終戦間際の1945年6月に、中国国民政府の陸軍武官が米国からの最高機密情報として「日本政府が共産主義者たちに降伏している」と打電していたことを、11日付産経新聞がトップで報じた。先の大戦のナゾを解く大きなカギとして注目される。

同紙によれば、電報の内容は以下の通り。

  • 国家を救うため、日本政府の重要メンバーの多くが日本の共産主義者たちに完全に降伏(魂を明け渡)している。
  • 彼ら(共産主義者たち)は、全ての他国の共産党と連携しながら、モスクワに助けを求めている。
  • 日本人は、皇室の維持だけを条件に、完全に共産主義者たちに取り仕切られた日本政府をソ連が助けてくれるはずだと(米英との和平工作を)提案している。

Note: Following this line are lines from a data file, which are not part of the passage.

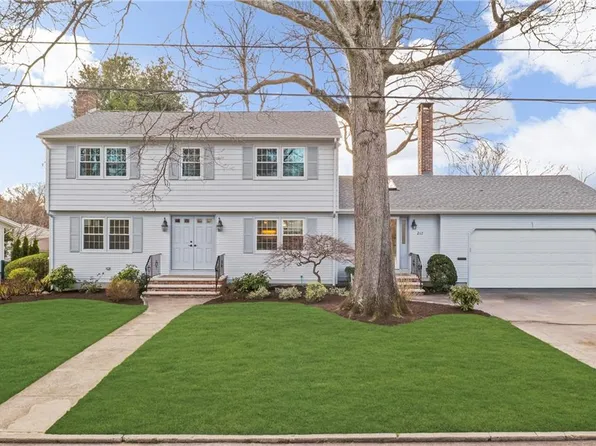 217 Belvedere Dr, Cranston, RI 02920
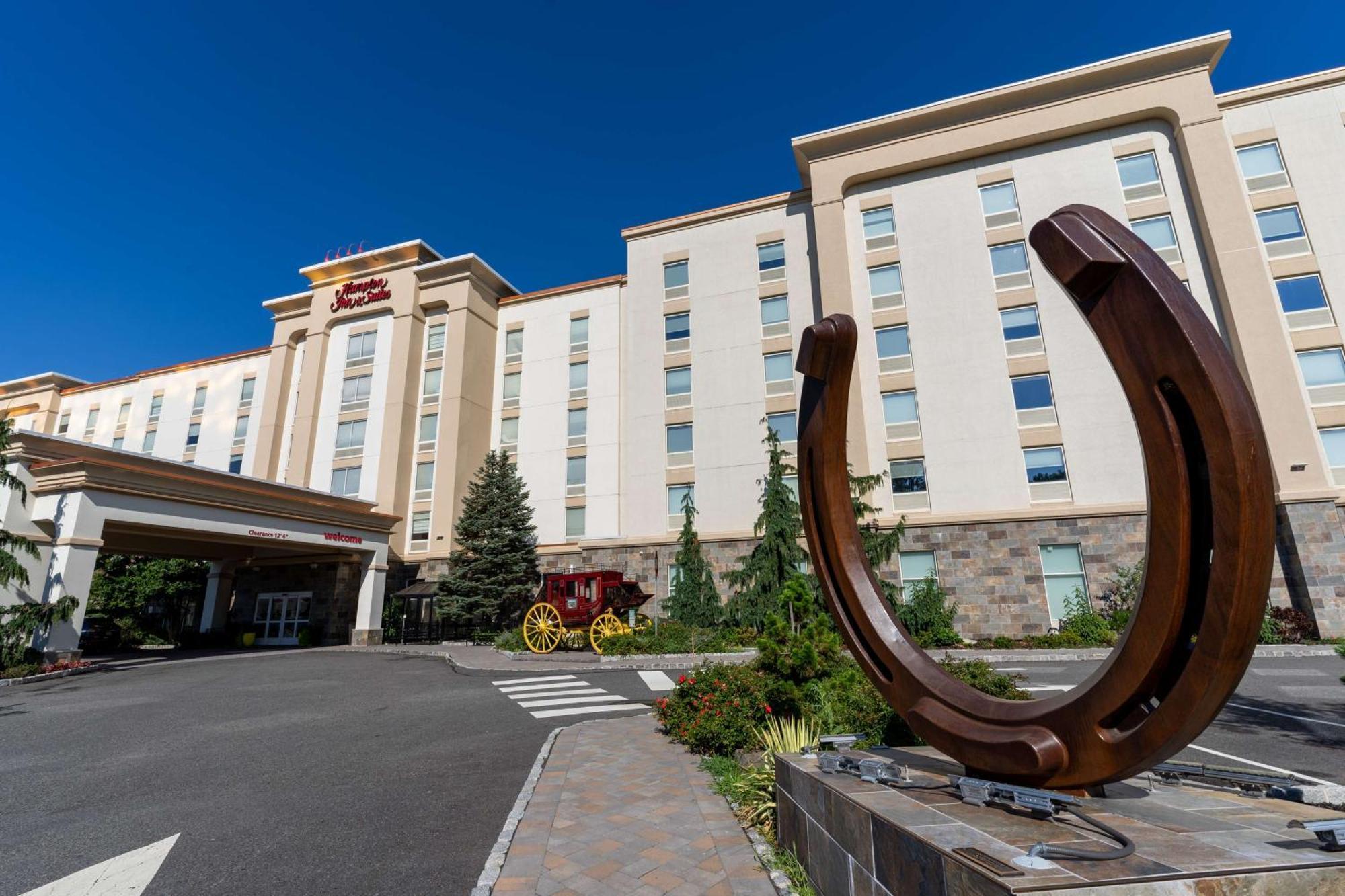 Hampton Inn & Suites Staten Island Nueva York Exterior foto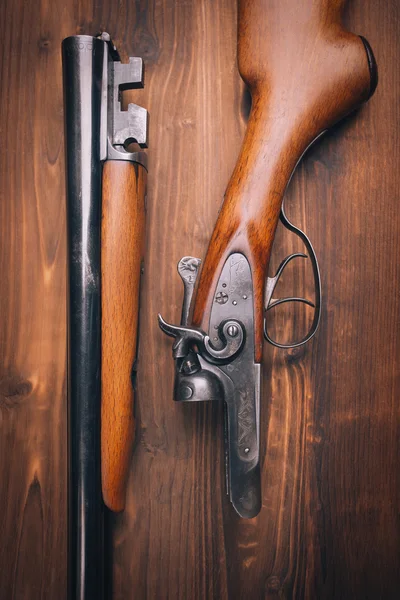 Escopeta sobre fondo de madera —  Fotos de Stock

当時、鈴木貫太郎首相を中心とする最高戦争指導会議でソ連を仲介とする和平案が国策として決まったのが6月22日。この電報は同日付で、中国陸軍武官が重慶の参謀本部に伝えた。

この「新事実」から改めて検証すべきものとして、戦後ほとんど顧みられることのなかった「近衛上奏文」の存在がある。近衛上奏文とは、日中戦争時の首相だった近衛文麿が、1945年2月に昭和天皇に上奏した文書だが、戦争責任者の一人である近衛がなぜこのような上奏をしたのかと疑問視されることが多い。

近衛上奏文は概略、以下のようなものだ。

「米英は天皇制の廃止までは考えていないので、今のうちに米英と講話を結ぶべきである。敗戦よりも恐れるべきは共産革命である。ソ連を中心に国内外の情勢は共産革命に向かって急速に進行しつつある。思えば、満州事変、支那事変、大東亜戦争まで引き起こしたのは、日本の革新を目的とする軍の一味の陰謀である。戦争終結のためには、この軍の一味が障害となる」

近衛自身が、ブレーンとしていた朝日新聞記者の尾崎秀実がソ連のスパイだったゾルゲの協力者として逮捕されるなど、自分も共産主義者たちに大きな影響を受けたことを認めた上で、当時の日本の主流だった「ソ連仲介による和平」ではなく、「英米との講和」を進言したのだ。

この近衛上奏文の内容が正しかったことは、その後の歴史が証明している。

ソ連のスターリンは、結局、日本を滅ぼすことによって共産主義革命を起こそうと画策していた。そのため終戦間際の8月9日になって、日ソ不可侵条約を一方的に破棄して日本に戦争を開始し、すでに負けが決まっていた日本軍と民間人に暴虐の限りを尽くした。

開戦時の首相として東京裁判でA級戦犯に問われ死刑となった東條英機の霊は、公開霊言でこう語っている。

「やはり、アメリカが間違ったと思いますよ。アメリカが(日本に)勝ったために、共産主義が、これだけ世界に広がって、何十年間もの苦しみを生んだのだ。本当の敵は、ソ連であり、中国であったはずなんですよ。戦後をにらめば、本当にやらねばならなかったのは、共産主義が広がらないようにすることであったと思う」(下記書籍参照)

アメリカが日本を戦争に巻き込み、ドイツに占領されかかったイギリスを救おうとした一方で、ソ連は日本とアメリカを戦争させ、日本の国体そのものを共産主義に変えさせようとしていたのだ。その目的は達成に至らなかったが、社会主義・共産主義国が戦後、世界の半分を占め、「東西冷戦」が40年も続いた。日本国内でも根深く残った共産主義思想は、戦後の左翼平和思想と合体して、空前の盛り上がりを見せた。これもまた、スターリンや中国共産党による「工作」のおかげだと言える。